Großbritannien soll nach dem Brexit ein unabhängiges Zoll- und Steuerwesen bekommen, das für zukünftige Handelsverträge angepasst werden kann. Das Gesetz soll es dem Land ermöglichen, die Einfuhr und Ausfuhr von Waren zu kontrollieren, eigene Zölle festzusetzen sowie Mehrwertsteuern und Luxussteuern zu ändern. Um Kontinuität für Unternehmen zu gewährleisten, soll das neue Gesetz aber in weiten Teilen auf bestehendem EU-Recht basieren.

Handel

Das Gesetz soll es Großbritannien ermöglichen, nach dem Brexit unabhängig Handel treiben zu können. Es soll den Status das Landes als "führende Handelsmacht" zementieren. Britische Unternehmen sollen vor unfairen Handelspraktiken geschützt werden.

Einwanderung

Großbritannien soll die Einwanderung aus EU-Staaten selbst kontrollieren. Damit kann es die Zahl der EU-Einwanderer reduzieren, gleichzeitig aber weiterhin "die Klügsten und Besten" aufnehmen. Dafür wird das EU-Recht zur Freizügigkeit aufgehoben. Ziel ist eine "faire und nachhaltige" Einwanderungspolitik.

Fischerei

Großbritannien regelt den Zugang zu seinen Hoheitsgewässern selbst und kontrolliert damit seine eigene Fischereipolitik, einschließlich Fangquoten.

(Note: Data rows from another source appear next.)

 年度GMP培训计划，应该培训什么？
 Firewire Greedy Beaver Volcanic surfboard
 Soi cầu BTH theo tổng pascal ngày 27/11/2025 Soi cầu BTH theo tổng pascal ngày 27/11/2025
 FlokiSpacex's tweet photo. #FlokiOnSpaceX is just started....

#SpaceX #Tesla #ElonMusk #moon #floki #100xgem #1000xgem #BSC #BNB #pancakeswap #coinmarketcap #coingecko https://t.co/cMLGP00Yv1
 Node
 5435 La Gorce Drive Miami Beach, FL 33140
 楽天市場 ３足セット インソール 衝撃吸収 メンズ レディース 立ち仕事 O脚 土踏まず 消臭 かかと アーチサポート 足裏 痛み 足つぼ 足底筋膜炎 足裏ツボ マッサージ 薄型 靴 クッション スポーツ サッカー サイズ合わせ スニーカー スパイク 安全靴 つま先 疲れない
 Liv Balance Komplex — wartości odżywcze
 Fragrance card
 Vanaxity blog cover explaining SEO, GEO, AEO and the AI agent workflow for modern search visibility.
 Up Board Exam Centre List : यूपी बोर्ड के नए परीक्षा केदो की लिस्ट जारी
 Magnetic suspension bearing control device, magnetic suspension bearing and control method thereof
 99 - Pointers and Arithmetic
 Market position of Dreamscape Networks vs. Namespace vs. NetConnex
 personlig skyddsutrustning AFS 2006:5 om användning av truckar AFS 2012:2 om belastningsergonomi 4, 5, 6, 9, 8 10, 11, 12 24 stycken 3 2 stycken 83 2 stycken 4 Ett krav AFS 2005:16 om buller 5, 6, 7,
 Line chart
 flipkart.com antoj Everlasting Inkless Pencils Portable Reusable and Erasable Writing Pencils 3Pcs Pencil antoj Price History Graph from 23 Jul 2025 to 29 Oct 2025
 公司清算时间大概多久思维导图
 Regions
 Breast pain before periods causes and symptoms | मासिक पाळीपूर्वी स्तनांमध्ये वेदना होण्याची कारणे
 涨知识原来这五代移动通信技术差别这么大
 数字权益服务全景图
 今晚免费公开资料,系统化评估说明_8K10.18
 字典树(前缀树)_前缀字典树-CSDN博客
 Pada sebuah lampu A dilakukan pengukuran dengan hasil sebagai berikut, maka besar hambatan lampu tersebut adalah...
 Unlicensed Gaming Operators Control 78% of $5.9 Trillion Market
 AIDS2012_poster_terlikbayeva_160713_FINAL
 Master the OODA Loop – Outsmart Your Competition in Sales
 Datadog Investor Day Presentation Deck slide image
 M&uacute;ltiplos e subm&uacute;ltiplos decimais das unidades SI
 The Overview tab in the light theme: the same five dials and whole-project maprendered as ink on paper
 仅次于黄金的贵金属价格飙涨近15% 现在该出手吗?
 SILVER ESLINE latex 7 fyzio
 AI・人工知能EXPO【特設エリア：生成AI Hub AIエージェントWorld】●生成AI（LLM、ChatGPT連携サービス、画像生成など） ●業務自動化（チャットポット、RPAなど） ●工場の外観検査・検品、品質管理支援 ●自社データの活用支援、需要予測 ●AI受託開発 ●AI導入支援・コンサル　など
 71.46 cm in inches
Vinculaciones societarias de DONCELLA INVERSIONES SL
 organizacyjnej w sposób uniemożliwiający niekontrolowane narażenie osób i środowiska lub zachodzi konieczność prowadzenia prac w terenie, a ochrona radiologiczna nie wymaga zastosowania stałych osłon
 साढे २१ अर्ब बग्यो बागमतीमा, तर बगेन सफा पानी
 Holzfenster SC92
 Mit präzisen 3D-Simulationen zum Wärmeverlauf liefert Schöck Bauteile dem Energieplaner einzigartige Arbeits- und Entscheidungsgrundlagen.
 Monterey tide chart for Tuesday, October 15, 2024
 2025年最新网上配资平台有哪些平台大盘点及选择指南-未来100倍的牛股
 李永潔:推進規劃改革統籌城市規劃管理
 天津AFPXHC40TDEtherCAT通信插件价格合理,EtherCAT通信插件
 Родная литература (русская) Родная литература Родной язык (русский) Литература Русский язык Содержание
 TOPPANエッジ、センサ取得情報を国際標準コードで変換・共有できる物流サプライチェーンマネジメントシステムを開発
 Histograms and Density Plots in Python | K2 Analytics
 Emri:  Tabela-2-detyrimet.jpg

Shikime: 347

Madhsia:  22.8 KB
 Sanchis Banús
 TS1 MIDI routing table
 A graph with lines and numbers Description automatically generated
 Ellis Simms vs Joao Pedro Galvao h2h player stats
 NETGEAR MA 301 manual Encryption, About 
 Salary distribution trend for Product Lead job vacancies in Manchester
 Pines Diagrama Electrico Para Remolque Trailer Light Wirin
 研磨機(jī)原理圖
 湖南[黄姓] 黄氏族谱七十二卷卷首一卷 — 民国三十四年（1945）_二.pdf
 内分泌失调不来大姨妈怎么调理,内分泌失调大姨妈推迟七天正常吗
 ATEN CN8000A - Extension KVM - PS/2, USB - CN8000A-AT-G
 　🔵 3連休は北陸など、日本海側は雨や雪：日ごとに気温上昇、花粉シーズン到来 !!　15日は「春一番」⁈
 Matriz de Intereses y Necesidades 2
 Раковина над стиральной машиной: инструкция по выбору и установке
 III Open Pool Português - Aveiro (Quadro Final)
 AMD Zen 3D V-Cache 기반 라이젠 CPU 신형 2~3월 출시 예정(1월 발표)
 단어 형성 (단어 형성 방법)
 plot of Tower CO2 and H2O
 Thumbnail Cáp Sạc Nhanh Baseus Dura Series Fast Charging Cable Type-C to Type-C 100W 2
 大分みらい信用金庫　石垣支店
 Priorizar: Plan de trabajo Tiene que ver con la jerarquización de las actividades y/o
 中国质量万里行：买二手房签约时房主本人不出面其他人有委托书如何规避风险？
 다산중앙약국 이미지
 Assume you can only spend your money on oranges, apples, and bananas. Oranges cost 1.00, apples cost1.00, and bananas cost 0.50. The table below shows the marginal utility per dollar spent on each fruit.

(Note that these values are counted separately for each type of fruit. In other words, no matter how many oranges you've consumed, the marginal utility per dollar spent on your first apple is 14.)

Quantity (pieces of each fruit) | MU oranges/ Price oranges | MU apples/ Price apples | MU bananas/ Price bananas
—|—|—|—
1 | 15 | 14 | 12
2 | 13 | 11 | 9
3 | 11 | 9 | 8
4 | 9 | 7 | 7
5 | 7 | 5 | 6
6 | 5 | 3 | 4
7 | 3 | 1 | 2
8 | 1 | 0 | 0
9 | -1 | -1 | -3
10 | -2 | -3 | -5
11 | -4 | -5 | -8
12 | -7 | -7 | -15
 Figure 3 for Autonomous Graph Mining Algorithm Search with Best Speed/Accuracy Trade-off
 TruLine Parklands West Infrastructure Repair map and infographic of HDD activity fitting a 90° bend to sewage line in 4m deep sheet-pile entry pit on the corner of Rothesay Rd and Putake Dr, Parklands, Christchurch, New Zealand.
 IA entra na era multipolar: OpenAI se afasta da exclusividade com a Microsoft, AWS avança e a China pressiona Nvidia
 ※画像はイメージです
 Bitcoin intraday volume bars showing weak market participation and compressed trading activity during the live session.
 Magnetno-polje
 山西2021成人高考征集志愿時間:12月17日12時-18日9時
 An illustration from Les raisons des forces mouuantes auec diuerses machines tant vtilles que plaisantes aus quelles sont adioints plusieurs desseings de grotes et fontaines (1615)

Damit sollen Fischbestände geschützt und erhöht und die Zukunft britischer Fischer gesichert werden.

Landwirtschaft

Großbritannien schafft ein neues System zur Unterstützung der britischen Landwirtschaft und des Naturschutzes. Es soll Stabilität für britische Landwirte sichern und zu einer höheren Produktion und mehr Exporten beitragen. Die Landwirtschaft soll damit wettbewerbsfähiger werden.

Atomare Sicherheit

Mit der EU verlässt Großbritannien auch die europäische Atomgemeinschaft Euratom. Ihre Aufgaben sollen von der nationalen Atomregulierungsbehörde (Office for Nuclear Regulation) übernommen werden. Das Gesetz soll die Rolle Großbritanniens als verantwortungsvolle Atommacht bestätigen und die Atomenergie zur nationalen Stromversorgung sichern.

Internationale Sanktionen

Entscheidungen über Nicht-UN-Sanktionen werden wieder von Großbritannien selbst getroffen. Das Gesetz soll die Rolle Großbritanniens als permanentes Mitglied des UN-Sicherheitsrats und "Weltmacht" stärken. Das Land soll internationale Sanktionen auf unilateraler oder multilateraler Ebene verhängen und aufheben können, um Bedrohungen durch Terrorismus, Konflikte oder die Weitergabe von Atomwaffen zu bekämpfen.